I had two meetings to get to today. One was first thing in an office in Media City in Salford Quays and the second was in Rochdale, almost diagonally across the city from Media City, in the north east of the city. I could have used the car but it would have been touch and go if I could get from one to the other and I might arrive in Rochdale stressed from M60 traffic. I decided to give the Metro a go. First I bought a day pass for £5. I bought it using the app on my phone while having breakfast at home. Altogether I used 8 trams and if I’d had to buy the tickets separately it would have cost more and I would have to fuss at each of the stations. On my phone, my ticket was only a click away. If you are living here, or even just visiting for a few days, it’s worth having this one on your phone. Here it is.

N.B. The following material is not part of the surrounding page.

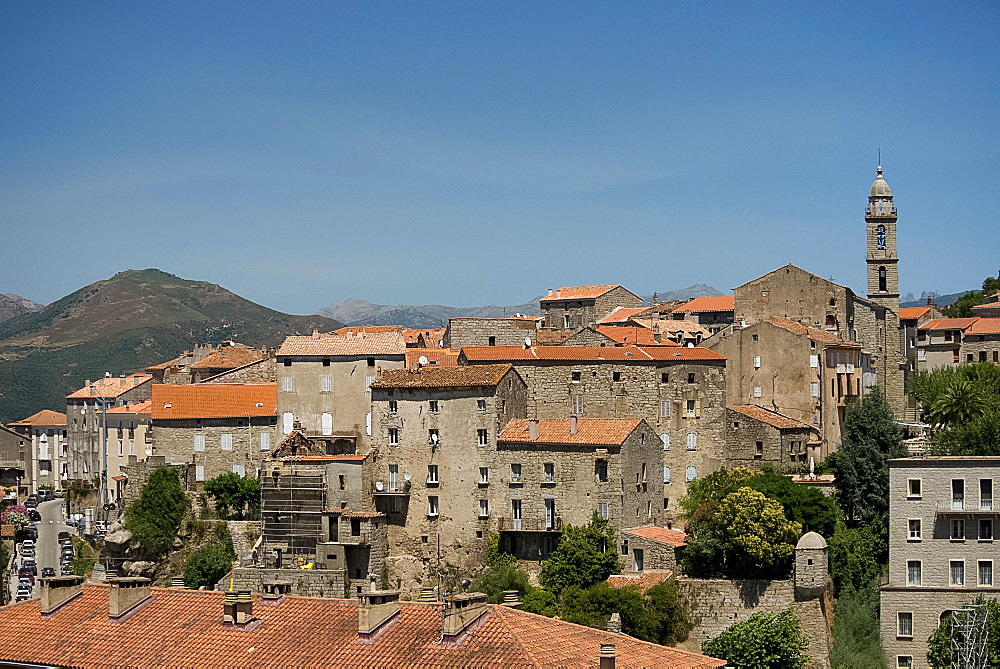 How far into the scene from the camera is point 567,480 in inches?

First I took the tram from Altrincham to Media City. It all went so well that I had time to take some pictures as I wandered about. I’ll post them over the next few days. After the Media City meeting I took the tram into the city and changed lines in St. Peter’s Square. While waiting for the tram I took a panorama of the square with the Princess/Empress trees still in full bloom. They looked as if they are going to fall soon sadly. That’s sad but they are replaced by the most enormous leaves that look just like the sort that small children draw. The trees will grow this summer and next year there will be even MORE purple blossom to enjoy. When I looked at the picture carefully, as I’d used the panorama option on my phone, I noticed the guy walking towards me on the left is walking away from me on the right!

This has become one of the most beautiful parts of the city centre. 

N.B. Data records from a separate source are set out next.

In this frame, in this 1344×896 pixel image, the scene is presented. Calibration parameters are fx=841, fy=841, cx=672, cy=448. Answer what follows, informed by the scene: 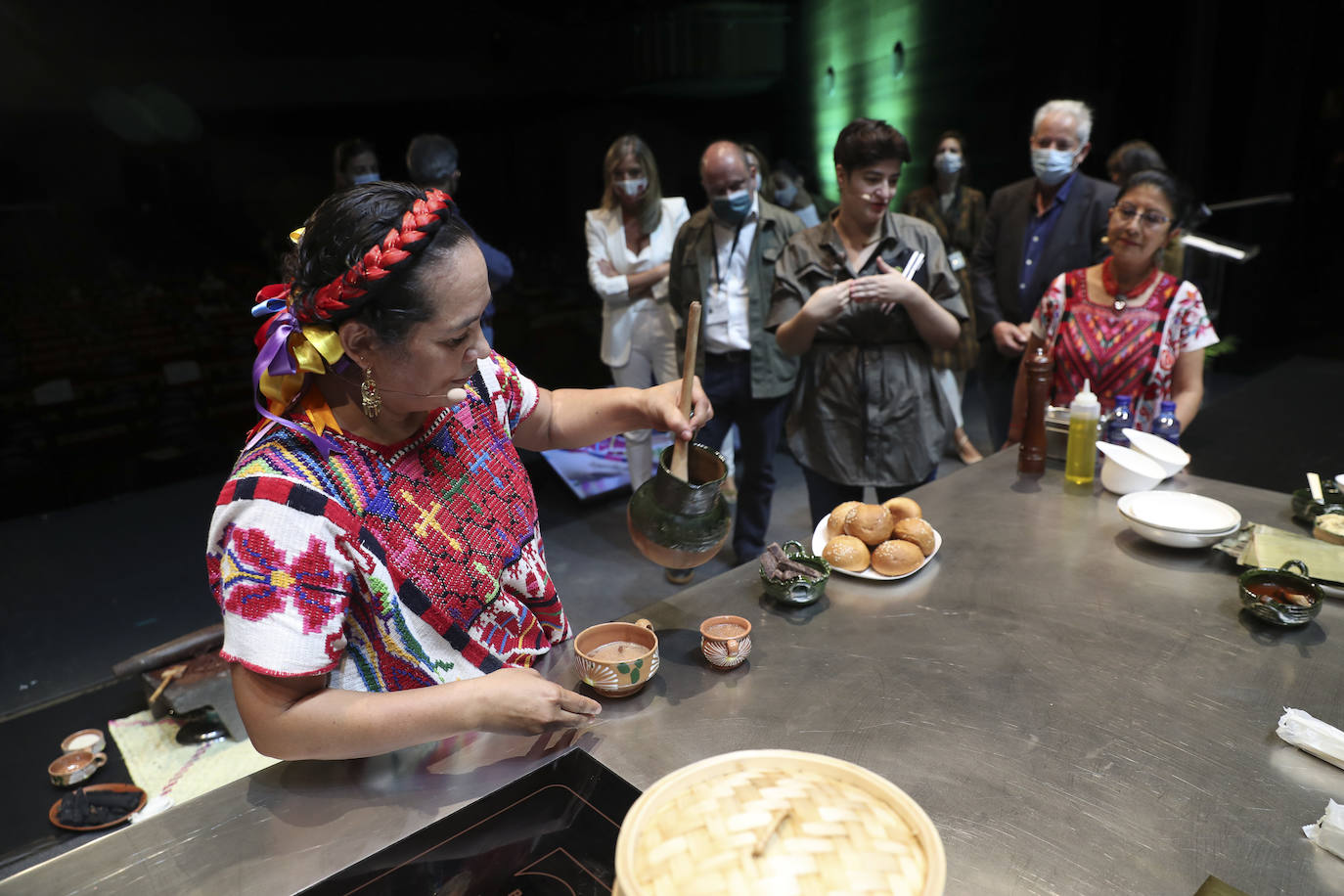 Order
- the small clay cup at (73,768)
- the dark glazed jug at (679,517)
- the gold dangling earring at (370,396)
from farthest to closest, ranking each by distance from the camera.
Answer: the small clay cup at (73,768)
the dark glazed jug at (679,517)
the gold dangling earring at (370,396)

At the top of Bridge Street, just before you get to the bridge and overlooked by Albert Bridge House, is a little piece of land. It’s on the edge of Spinningfields and on my route from that part of town to Kendal’s department store on Deansgate and on to St. Ann’s Sqaure. I imagine at some point there must have been buildings on it. What they were and what happened to them I don’t know. They could have been demolished or even bombed out in WWII. At some point someone decided to pave the area over. It looks like it was done in the 80s. It has a dated look and could do with a bit of a makeover. There’s some uneven paving and a few benches. A cool restaurant has opened on it but I’ve not seen any tables spilling out onto it yet. It doesn’t have a name, so I call it ‘the square with no name.’ Imaginative aren’t I?

I’d like to see it given a thorough update. Maybe now people see the stunning job they’ve done on St. Peter’s Square, the city might have an appetite for this to happen. In the meantime a little olive grove has sprung up. Surprisingly these trees do well in Manchester. We usually associate them with holidays in places like Spain, Italy and Greece. But some types of olive trees live up in the mountains in those countries and are used to cold winters. We may not have baking hot summers like Tuscany and Andalusia but our winters are mild compared with the Italian and Spanish mountains so the trees thrive here. But, because of the shortness and the coolness of our summers we have, we are unlikely ever to see a crop of olives. They are very decorative trees and are popping up around the city. There are some outside Selfridges in Exchange Square and there’s also a grove of them, along with some lemon and orange trees, on the top of the Hilton Tower. How cool is that.

These trees will probably have started out life in one of the Mediterranean countries before being transported to their new home in Manchester. They do have these wonderful gnarled trunks that become more contorted over the years. They are long lived trees and some, in their original countries, will have seen, if not the rise of the Roman Empire, the fall of it. The ones here have been put into some of those wonderful, bee, cast iron containers that have been popping up around the city. They were cast by the Hargreaves Foundry in Halifax, the company that cast the parts for The Angel of the North that you see on the main road as you approach Newcastle. 

In the centre of the square is, I imagine, the oldest of the olive trees. Just look at how gnarled its trunk is. It’s been given a different type of container as suits its importance as the oldest tree in the grove. I wonder if Hargreaves cast this as well?